Here I am at the Ukrainian Cultural Heritage Village on the old ferry, circa 1996. Can you think of a more beautiful place to work and be? The town site is in the background.

Honestly, those were some of the best days of my life. Both campers and program leaders (along with the interperters there) dressed in historically accurate clothing. For the ladies that meant brown cotton stockings held up with penny garters, cotton bloomers and slips and drop-waisted cotton print dresses.

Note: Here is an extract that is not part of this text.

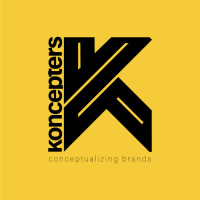 KONCEPTERS DIGITAL MARKETING MANAGEMENT DUBAI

And to top it off, hustkas, the colourful, flowered woollen headscarves.

We became members of the families in the farm and town sites, we ground grain, “shopped” at the old store, fed animals, made meals from scratch, fetched water, rode in wagons and old cars, smithed tiny horseshoes, weighed grain at the elevator, dipped candles, packed ice in the ice chest, pumped gas at the hand pump, sent out Morse code messages at the train station, went to school and church (there are 3 varieties on the historic site there!) Can you think of a better way to spend a summer? I cannot. It was the best summer job ever.

And each week we made Pysanky, Ukrainian Easter eggs. Witness Susan in heaven. Beeswax melting, pots of dye waiting, delicate eggs ready for art. We worked from traditional Ukrainian patterns, though none of mine have survived. I did get my own kystka (if you scroll down in the link you’ll see beautiful eggs and then some lovely hands working with a kystka), the tool for drawing with heated beeswax on the eggs.

Each pysanka is made with a process exactly like batik. A layer of beeswax is drawn on the egg to seal in the white of the original surface, then the egg is dyed the lightest colour you want (traditionally yellow).  Next a layer of wax designs over the yellow seal it in, then it’s dyed orange, draw, dye red, draw and so on through to black (or whatever your darkest colour will be). Then all the wax is heated and wiped away and a colourful egg appears, its magic, alchemy really! For these eggs I evidently drew the entire piece on the white egg and then layered the dye colours.

And lastly, you really should check out the Giant Pysanka in Vegreville, Alberta. Happy weekend!